┌──
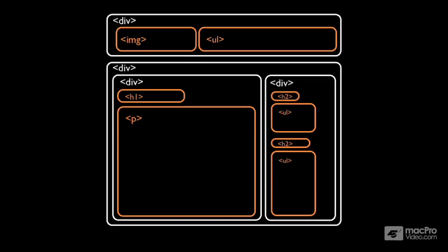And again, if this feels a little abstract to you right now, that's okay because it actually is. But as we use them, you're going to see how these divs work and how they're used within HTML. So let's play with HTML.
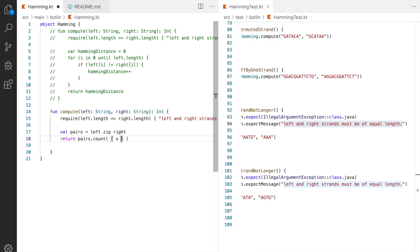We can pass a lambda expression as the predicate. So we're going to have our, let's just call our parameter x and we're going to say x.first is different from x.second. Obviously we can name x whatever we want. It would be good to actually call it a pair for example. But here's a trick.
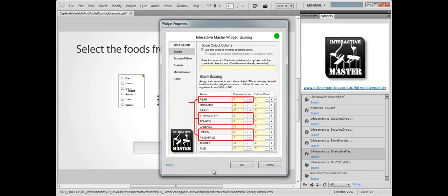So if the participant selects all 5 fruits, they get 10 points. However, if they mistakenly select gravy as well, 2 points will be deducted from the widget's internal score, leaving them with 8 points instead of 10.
└──
┌──
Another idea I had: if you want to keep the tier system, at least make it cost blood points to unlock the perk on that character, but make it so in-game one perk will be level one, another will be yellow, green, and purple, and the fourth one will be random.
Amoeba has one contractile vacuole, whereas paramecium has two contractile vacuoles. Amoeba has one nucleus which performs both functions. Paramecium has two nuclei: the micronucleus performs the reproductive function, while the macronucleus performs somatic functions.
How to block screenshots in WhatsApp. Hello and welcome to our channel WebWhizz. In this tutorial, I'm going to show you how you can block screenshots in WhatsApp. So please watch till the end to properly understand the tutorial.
└──
Transcribe, word for word, the stretch of lines in the data above from the one with "We can pass" through the one with "So if the participant"; omit all pictures.

• _RESPONSE BOX_
We can pass a lambda expression as the predicate. So we're going to have our, let's just call our parameter x and we're going to say x.first is different from x.second. Obviously we can name x whatever we want. It would be good to actually call it a pair for example. But here's a trick.
So if the participant selects all 5 fruits, they get 10 points. However, if they mistakenly select gravy as well, 2 points will be deducted from the widget's internal score, leaving them with 8 points instead of 10.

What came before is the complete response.